OBAMA DITCHES NAFTA POSITION THAT HELPED HIM WIN THE PRIMARIES

CNN In an interview with Fortune to be featured in the magazine's upcoming issue, the presumptive Democratic nominee backed off his harshest attacks on the free trade agreement and indicated he didn't want to unilaterally reopen negotiations on NAFTA. "Sometimes during campaigns the rhetoric gets overheated and amplified," he conceded, after I reminded him that he had called NAFTA "devastating" and "a big mistake," despite nonpartisan studies concluding that the trade zone has had a mild, positive effect on the U.S. economy.

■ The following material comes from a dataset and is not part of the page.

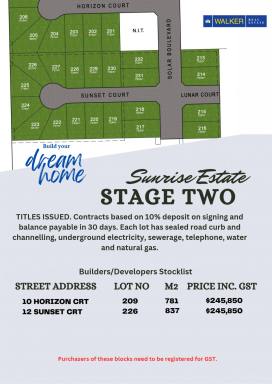 Residential Block For Sale - VIC - Kyabram - 3620 - Sunrise Estate - Stage 2 (TITLED) (Image 2)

Does that mean his rhetoric was overheated and amplified? "Politicians are always guilty of that, and I don't exempt myself," he answered. . .

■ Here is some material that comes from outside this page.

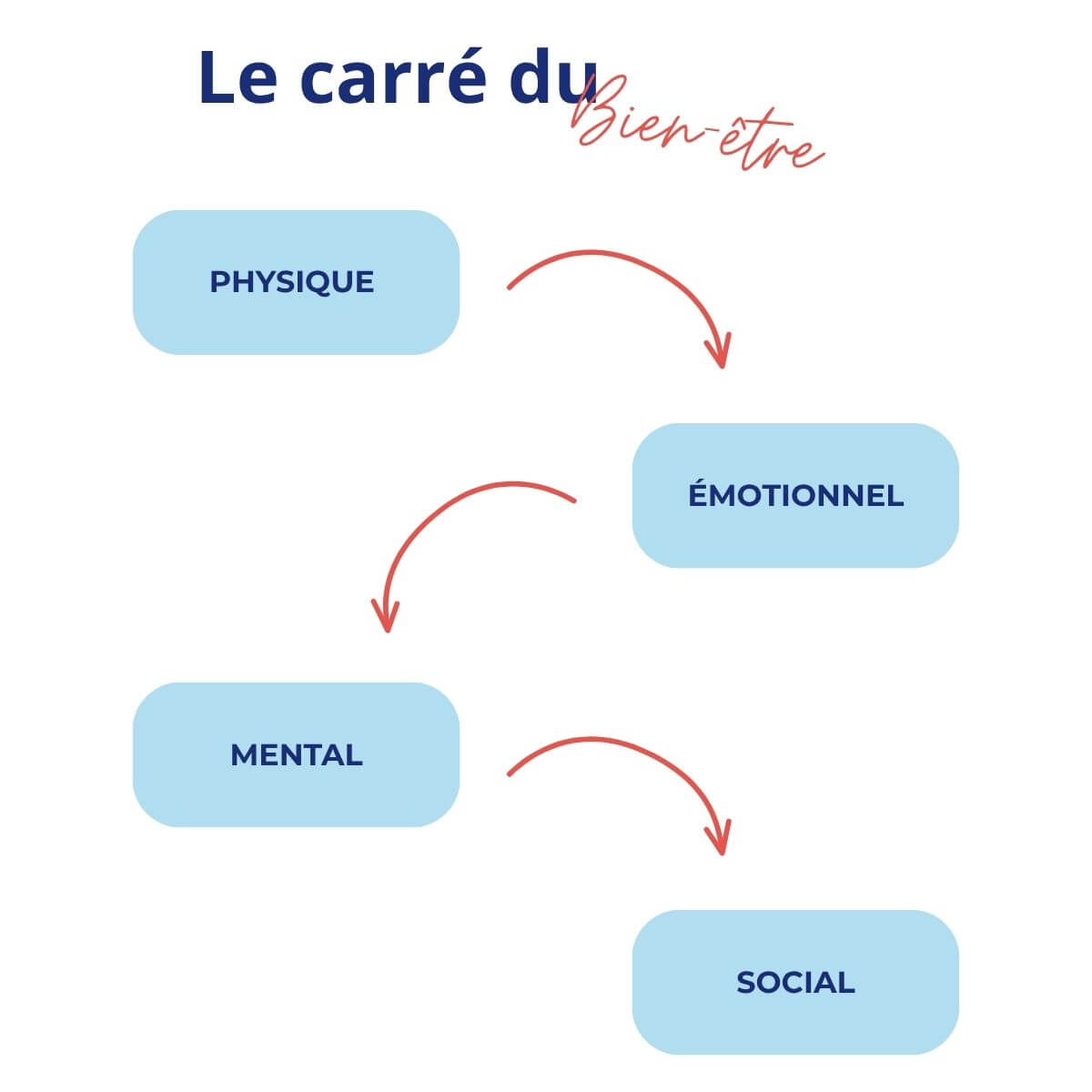 La santé sexuelle : un état de bien-être global.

Obama's tone stands in marked contrast to his primary campaign's anti-NAFTA fusillades. The pact creating a North American free-trade zone was President Bill Clinton's signature accomplishment; but NAFTA is also the bugaboo of union leaders, grassroots activists and Midwesterners who blame free trade for the factory closings they see in their hometowns.

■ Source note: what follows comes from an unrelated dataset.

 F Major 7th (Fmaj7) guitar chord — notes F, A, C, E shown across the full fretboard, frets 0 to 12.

The Democratic candidates fought hard to win over those factions of their party, with Obama generally following Hillary Clinton's lead in setting a protectionist tone.

In February, as the campaign moved into the Rust Belt, both candidates vowed to invoke a six-month opt-out clause ("as a hammer," in Obama's words) to pressure Canada and Mexico to make concessions. . .

Now, however, Obama says he doesn't believe in unilaterally reopening NAFTA. On the afternoon that I sat down with him to discuss the economy, Obama said he had just spoken with Harper, who had called to congratulate him on winning the nomination.